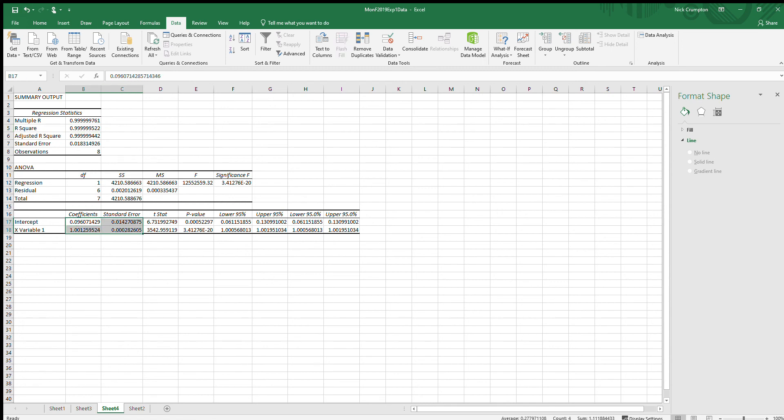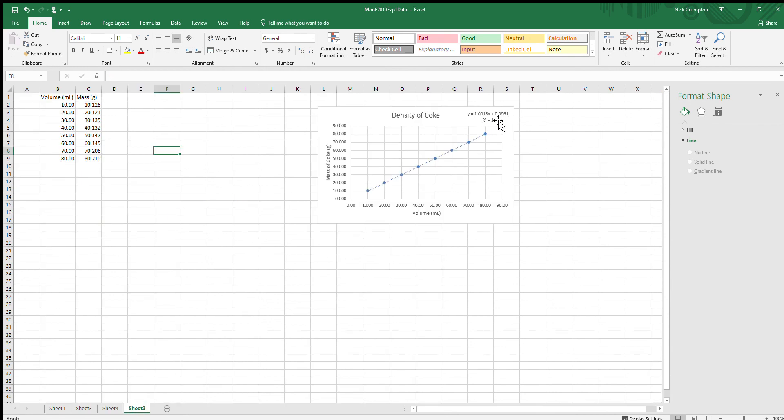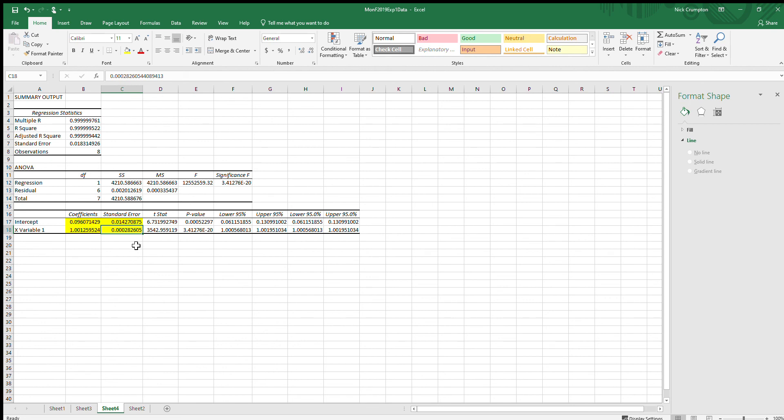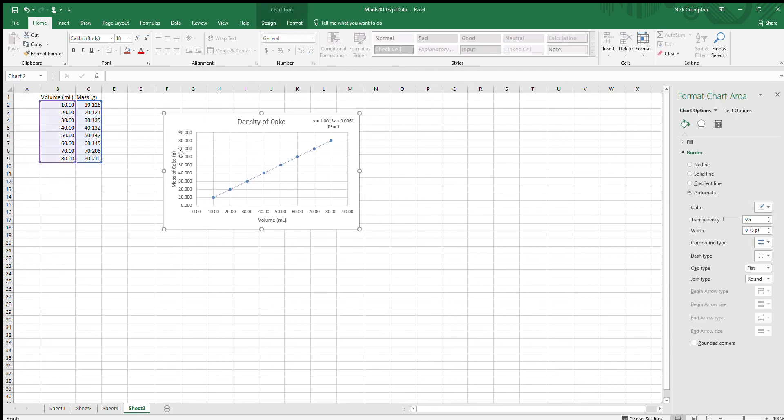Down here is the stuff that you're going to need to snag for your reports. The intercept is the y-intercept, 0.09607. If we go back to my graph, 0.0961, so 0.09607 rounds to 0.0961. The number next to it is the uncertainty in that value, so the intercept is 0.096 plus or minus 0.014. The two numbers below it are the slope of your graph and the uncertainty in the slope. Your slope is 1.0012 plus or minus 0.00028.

++++++++++++++++++++

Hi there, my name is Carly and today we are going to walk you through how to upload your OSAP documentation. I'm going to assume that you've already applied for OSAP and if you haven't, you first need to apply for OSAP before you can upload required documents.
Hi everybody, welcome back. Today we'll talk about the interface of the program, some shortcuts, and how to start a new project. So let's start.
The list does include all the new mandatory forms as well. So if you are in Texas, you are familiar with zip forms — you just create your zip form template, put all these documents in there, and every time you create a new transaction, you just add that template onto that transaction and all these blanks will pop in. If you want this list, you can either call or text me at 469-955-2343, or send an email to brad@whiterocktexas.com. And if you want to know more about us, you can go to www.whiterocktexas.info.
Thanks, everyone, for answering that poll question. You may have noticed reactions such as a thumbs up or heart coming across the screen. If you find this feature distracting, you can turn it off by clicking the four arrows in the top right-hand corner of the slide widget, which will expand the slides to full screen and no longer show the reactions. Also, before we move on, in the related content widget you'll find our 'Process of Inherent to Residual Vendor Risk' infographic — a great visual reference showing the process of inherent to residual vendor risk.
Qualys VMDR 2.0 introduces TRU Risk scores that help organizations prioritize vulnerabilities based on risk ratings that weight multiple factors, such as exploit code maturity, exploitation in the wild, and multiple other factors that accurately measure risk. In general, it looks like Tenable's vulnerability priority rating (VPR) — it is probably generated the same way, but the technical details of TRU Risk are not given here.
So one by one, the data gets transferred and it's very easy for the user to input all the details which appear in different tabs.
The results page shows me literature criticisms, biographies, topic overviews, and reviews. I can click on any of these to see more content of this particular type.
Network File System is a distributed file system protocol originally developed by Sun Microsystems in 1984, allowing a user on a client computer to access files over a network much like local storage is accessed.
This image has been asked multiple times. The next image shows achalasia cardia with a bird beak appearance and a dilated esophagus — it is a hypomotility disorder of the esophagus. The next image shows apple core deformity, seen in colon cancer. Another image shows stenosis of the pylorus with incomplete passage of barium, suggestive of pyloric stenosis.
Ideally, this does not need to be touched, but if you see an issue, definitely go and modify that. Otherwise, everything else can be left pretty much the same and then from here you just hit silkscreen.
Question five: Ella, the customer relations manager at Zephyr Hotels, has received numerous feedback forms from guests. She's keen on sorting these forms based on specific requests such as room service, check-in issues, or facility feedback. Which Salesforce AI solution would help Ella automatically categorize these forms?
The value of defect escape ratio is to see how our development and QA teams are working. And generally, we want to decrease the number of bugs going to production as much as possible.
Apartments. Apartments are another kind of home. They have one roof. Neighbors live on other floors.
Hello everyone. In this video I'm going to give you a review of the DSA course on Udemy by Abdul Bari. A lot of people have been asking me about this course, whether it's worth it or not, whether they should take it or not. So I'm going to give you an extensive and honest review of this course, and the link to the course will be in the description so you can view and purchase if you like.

++++++++++++++++++++

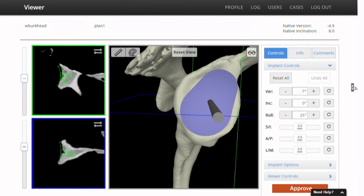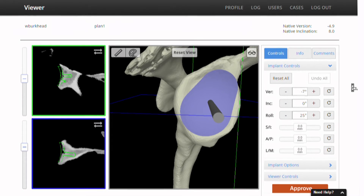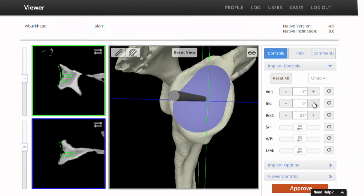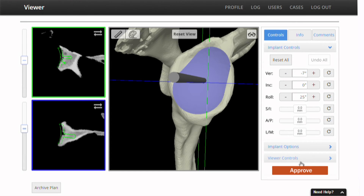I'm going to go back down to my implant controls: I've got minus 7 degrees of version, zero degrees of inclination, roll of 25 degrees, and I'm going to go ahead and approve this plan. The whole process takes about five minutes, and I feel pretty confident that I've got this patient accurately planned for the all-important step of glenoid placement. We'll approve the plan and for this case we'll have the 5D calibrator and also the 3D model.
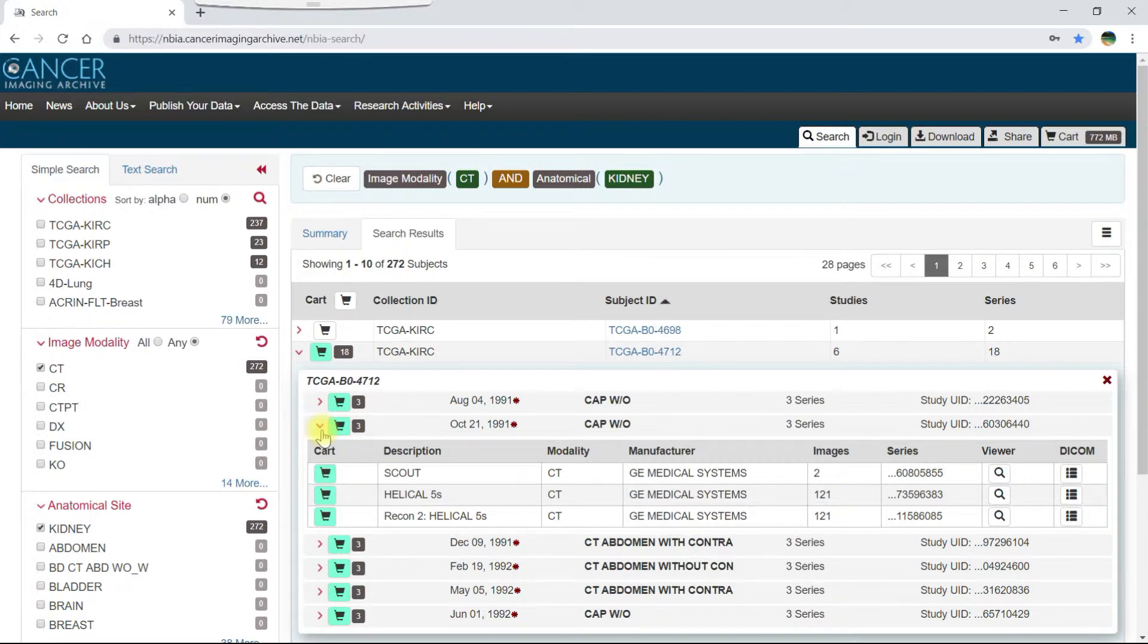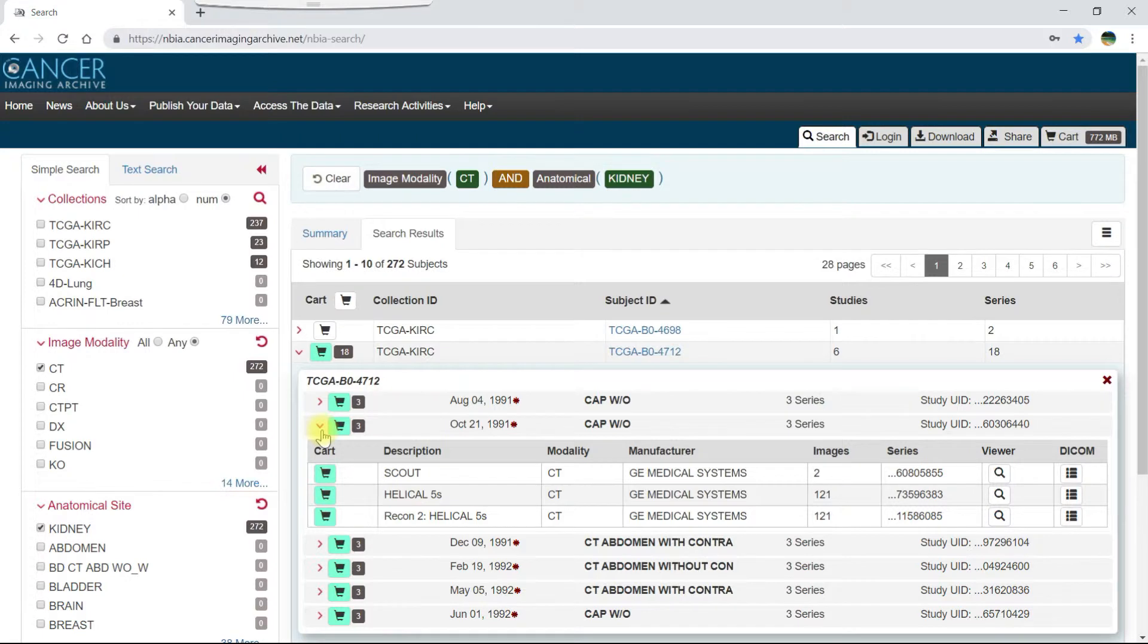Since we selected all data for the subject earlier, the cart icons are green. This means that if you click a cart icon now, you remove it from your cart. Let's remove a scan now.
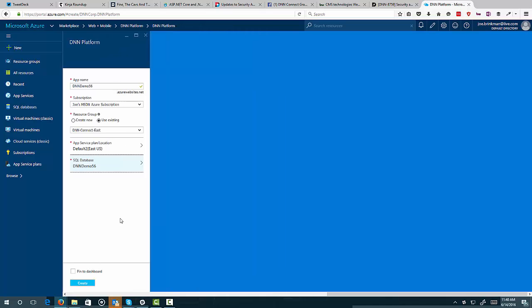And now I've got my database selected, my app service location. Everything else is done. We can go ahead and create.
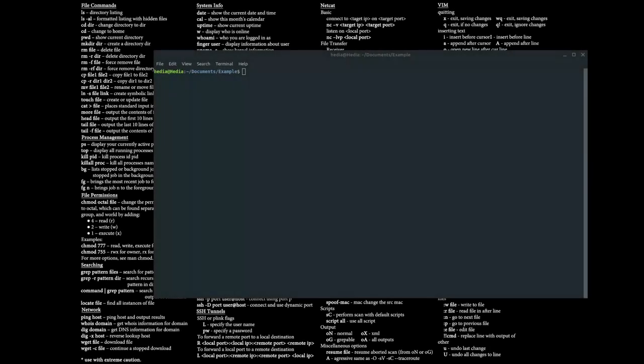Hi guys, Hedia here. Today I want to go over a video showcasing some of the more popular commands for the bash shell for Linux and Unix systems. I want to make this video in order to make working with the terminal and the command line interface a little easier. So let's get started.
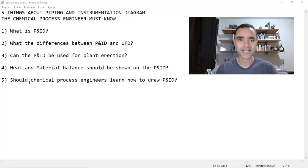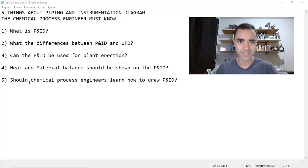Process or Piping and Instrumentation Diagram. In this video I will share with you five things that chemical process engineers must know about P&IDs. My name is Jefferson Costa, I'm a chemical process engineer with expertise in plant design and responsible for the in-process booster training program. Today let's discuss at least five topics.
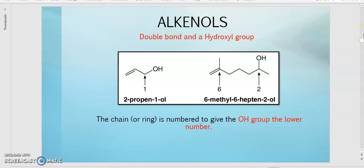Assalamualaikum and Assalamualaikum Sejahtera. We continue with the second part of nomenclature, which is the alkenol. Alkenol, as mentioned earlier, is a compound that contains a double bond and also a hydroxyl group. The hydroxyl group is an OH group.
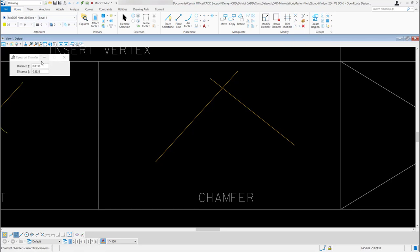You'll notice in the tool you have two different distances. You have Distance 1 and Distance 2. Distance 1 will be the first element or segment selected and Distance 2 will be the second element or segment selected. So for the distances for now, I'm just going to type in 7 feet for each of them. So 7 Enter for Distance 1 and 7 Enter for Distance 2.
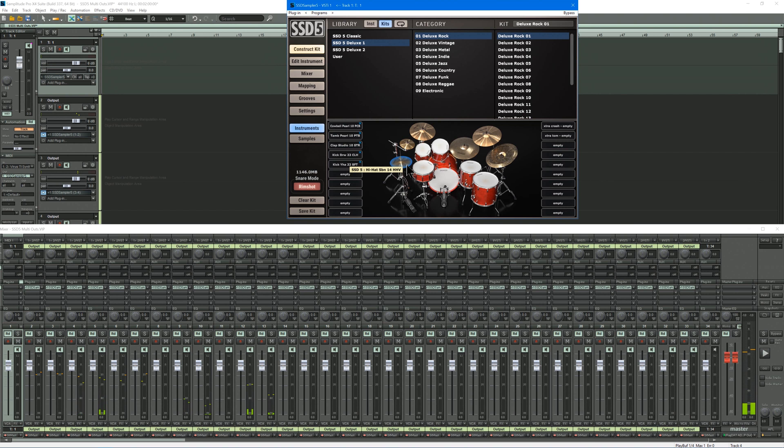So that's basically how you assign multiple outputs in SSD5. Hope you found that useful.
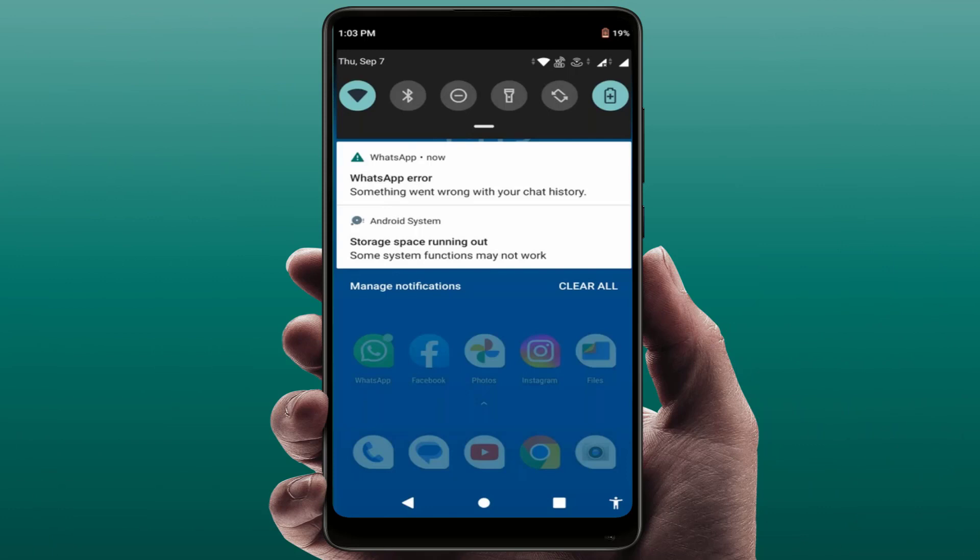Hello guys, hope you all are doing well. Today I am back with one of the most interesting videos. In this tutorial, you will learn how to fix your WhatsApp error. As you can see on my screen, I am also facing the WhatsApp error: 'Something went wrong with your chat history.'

++++++++++++++++++++

▸ Work request: Copy back the listing above exactly, but only from the line with "Hi everybody, welcome" through the line with "Thanks, everyone, for", both ends included.

▸ Task result:
Hi everybody, welcome back. Today we'll talk about the interface of the program, some shortcuts, and how to start a new project. So let's start.
The list does include all the new mandatory forms as well. So if you are in Texas, you are familiar with zip forms — you just create your zip form template, put all these documents in there, and every time you create a new transaction, you just add that template onto that transaction and all these blanks will pop in. If you want this list, you can either call or text me at 469-955-2343, or send an email to brad@whiterocktexas.com. And if you want to know more about us, you can go to www.whiterocktexas.info.
Thanks, everyone, for answering that poll question. You may have noticed reactions such as a thumbs up or heart coming across the screen. If you find this feature distracting, you can turn it off by clicking the four arrows in the top right-hand corner of the slide widget, which will expand the slides to full screen and no longer show the reactions. Also, before we move on, in the related content widget you'll find our 'Process of Inherent to Residual Vendor Risk' infographic — a great visual reference showing the process of inherent to residual vendor risk.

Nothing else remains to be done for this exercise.